New agreement paves way for action on benchmarks

Brussels, 05/03/2014 (Agence Europe) - MEPs in the S&D and Greens/EFA Groups have sent a series of compromises to solve problems they see in the draft report by Sharon Bowles (ALDE, UK) on the proposal for a regulation to improve financial benchmark governance. The idea is to avoid the need to arrange an impact assessment and request an opinion from the EP's legal department. Under pressure from the EPP, the whole issue might be postponed until the new legislature.

The compromises extend the regulation's scope of application, which Bowles slashed back, and a Parliament source says the compromises mean that all benchmarks will be covered. The European Commission also opposes Bowles' reduction in the scope. The compromises add a fair amount of proportionality for a number of key measures, adds the source. Firstly, in the code of conduct (Article 9). All administrators, in cooperation with contributors, should introduce a general code of conduct. The compromise also gives administrators the responsibility to ensure that all contributors are aware of the code and gives them the power to remove contributors if they do not follow the code. When it comes to transparency, the compromise provides clarifications about a number of measures on the publication of underlying data and the methods used to determine a reference index immediately after the benchmark is published.
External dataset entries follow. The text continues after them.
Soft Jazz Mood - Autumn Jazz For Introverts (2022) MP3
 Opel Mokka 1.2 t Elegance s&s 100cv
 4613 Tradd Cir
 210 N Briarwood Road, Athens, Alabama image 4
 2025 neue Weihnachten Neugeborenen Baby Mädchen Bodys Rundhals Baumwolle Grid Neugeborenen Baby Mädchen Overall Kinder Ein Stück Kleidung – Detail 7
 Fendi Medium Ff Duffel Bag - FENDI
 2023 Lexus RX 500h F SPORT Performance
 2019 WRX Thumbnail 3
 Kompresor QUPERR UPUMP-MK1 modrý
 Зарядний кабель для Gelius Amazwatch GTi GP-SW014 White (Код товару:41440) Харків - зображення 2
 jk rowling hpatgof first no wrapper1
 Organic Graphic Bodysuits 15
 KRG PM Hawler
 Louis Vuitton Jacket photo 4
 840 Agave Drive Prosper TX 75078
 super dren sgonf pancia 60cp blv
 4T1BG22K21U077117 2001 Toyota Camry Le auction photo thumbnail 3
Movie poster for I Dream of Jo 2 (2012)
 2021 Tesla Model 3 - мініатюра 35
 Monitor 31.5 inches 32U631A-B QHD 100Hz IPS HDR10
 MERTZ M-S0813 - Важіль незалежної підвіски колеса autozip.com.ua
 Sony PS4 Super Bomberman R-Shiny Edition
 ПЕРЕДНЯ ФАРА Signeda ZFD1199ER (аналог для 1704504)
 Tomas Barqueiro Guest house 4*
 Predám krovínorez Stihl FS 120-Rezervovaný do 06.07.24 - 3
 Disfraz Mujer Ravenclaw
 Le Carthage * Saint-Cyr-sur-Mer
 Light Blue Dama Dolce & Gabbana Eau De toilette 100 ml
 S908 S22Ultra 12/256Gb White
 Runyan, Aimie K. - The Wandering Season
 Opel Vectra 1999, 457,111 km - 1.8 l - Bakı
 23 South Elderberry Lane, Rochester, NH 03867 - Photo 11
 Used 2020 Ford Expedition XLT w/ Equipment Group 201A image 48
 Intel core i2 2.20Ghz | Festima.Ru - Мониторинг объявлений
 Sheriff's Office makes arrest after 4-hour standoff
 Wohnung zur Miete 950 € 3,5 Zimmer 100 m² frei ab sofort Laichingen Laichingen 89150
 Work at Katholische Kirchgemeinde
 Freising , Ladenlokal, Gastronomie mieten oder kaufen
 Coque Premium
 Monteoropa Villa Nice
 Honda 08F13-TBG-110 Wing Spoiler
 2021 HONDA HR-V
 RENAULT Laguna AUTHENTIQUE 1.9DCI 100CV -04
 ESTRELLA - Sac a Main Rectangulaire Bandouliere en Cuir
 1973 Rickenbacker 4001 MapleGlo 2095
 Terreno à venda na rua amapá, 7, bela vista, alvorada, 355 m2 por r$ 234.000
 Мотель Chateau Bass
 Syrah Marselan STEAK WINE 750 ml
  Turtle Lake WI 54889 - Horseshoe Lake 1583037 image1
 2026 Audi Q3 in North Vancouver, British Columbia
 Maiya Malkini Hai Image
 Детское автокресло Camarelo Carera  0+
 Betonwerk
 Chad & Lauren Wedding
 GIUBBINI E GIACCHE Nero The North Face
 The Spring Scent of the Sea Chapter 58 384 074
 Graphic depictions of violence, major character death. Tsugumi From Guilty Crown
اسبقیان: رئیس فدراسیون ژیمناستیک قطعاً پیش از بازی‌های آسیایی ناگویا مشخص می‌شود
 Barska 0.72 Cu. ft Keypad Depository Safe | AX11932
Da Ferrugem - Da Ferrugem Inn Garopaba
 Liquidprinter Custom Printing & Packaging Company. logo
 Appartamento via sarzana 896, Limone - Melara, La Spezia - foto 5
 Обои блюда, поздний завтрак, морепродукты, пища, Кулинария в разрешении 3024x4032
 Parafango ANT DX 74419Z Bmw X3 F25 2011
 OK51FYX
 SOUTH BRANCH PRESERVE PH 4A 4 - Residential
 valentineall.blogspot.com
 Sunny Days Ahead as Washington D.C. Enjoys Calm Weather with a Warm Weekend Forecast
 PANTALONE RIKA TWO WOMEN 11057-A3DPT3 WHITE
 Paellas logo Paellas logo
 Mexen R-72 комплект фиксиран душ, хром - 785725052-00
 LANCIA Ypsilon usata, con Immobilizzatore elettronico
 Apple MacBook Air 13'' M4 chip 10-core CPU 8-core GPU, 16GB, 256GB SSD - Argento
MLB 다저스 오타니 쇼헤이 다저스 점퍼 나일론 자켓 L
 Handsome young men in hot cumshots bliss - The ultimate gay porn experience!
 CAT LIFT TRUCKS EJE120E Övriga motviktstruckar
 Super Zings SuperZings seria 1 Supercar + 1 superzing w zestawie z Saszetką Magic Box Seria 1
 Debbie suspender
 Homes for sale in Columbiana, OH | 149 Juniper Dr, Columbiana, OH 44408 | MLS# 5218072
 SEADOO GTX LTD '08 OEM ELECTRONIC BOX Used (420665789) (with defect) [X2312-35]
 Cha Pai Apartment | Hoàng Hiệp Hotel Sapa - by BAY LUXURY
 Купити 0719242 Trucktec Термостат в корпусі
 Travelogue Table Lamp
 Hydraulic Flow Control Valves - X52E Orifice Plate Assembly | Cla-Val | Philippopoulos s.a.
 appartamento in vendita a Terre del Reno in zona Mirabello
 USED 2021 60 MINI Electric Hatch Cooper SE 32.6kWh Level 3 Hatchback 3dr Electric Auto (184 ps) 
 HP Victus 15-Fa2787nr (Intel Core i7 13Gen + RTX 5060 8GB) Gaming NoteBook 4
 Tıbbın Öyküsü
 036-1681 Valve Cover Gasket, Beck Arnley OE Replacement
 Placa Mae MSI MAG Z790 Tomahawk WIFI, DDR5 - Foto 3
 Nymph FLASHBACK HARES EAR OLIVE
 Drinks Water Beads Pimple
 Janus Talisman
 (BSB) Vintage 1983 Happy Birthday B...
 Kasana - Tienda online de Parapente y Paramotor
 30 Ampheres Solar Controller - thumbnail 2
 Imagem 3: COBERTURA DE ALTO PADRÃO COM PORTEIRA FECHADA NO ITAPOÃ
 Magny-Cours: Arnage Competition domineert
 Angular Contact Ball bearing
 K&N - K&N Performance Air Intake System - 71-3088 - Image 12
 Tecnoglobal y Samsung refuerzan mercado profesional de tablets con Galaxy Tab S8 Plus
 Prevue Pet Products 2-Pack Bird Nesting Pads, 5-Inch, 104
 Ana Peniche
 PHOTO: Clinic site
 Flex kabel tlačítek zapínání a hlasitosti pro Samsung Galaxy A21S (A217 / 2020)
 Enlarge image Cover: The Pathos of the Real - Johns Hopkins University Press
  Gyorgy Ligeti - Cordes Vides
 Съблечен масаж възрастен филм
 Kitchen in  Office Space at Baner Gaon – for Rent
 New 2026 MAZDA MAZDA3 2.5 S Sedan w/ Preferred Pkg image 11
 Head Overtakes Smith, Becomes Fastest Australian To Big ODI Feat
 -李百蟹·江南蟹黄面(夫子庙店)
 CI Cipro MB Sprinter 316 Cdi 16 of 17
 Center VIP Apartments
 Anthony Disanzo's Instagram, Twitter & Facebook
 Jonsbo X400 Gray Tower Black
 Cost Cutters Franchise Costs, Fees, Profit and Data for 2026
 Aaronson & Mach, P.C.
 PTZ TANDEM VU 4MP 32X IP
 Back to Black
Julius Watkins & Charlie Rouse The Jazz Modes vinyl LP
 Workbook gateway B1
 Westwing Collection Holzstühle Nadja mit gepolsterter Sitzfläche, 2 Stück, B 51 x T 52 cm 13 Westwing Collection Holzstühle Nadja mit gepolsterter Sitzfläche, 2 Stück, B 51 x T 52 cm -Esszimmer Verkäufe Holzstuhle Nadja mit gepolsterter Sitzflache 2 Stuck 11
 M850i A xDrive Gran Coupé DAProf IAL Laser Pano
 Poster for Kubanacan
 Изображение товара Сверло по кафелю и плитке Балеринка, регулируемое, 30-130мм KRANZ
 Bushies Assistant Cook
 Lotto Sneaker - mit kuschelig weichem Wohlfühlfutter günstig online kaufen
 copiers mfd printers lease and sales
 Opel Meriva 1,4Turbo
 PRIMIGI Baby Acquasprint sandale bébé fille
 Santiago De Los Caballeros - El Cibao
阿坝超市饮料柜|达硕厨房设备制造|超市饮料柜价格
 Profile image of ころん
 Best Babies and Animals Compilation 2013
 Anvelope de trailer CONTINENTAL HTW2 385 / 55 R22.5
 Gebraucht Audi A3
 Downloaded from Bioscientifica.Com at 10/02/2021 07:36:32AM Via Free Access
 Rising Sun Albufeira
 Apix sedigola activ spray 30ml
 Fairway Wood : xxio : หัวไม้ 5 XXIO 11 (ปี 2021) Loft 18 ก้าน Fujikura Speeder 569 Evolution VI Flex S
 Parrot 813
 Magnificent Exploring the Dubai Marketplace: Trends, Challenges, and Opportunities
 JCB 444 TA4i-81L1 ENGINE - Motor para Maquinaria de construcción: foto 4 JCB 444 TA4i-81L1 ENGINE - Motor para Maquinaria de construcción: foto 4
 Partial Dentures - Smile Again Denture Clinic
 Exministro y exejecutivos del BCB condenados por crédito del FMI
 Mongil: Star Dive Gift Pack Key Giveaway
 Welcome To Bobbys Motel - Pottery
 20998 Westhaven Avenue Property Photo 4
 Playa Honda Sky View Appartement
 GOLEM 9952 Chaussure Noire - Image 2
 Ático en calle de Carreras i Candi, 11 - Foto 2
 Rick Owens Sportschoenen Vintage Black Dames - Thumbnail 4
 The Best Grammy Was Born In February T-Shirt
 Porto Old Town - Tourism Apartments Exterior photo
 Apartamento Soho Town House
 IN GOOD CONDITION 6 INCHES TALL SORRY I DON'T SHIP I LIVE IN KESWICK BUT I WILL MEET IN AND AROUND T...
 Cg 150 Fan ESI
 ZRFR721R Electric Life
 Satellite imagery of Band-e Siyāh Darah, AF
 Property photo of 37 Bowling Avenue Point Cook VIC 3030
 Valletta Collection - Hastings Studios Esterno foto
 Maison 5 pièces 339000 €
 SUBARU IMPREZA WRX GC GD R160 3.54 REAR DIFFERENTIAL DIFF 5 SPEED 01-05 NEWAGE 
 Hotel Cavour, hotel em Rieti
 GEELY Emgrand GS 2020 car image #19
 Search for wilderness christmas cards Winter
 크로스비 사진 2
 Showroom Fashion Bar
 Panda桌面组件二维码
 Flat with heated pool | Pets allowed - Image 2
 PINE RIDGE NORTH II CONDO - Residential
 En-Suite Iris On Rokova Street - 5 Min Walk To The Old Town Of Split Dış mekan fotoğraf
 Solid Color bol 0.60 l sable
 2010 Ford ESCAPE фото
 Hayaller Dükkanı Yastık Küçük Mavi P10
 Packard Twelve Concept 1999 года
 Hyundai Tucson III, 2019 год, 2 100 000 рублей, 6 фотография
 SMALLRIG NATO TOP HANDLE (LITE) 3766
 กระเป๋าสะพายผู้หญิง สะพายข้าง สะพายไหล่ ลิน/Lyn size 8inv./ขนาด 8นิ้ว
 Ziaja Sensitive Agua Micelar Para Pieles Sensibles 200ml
While Bowles proposed a different approach for producing commodity benchmarks than for price reporting agencies, the new compromises recommend that they be treated in the same way.

The Parliament source says that the EPP has asked for the vote to be postponed until the next European Parliament, but the S&D is trying to win Bowles round to their views. Bowles' office says the committee vote scheduled for Monday 10 March should be postponed until the April plenary at the earliest.

Commission responds to comments from the House of Commons. In a letter to William Cash, the chair of the British House of Commons' European Scrutiny Committee, on 26 February which is published on the House of Commons' website, the vice-president of the European Commission, Maros Sefcovic, defends the Commission's draft regulation. The House of Commons feels that subsidiarity has not been respected, but Sefcovic points out that the Commission's impact assessment notes that the benchmark industry is international and crucial for setting prices for cross-border transactions. The impact assessment concludes that a patchwork of national rules could hinder cross-border transactions because it is an inconsistent, uncoordinated approach. Sefcovic points out that this has been recognised by the G20. He says the regulation's scope of application is in line with the IOSCO rules and a narrower scope would not ensure robust and consistent reliability of benchmarks across the EU. The Commission believes that the administrative burden for reference benchmark administrators and contributors would not be as heavy as claimed by the House of Commons. (EL)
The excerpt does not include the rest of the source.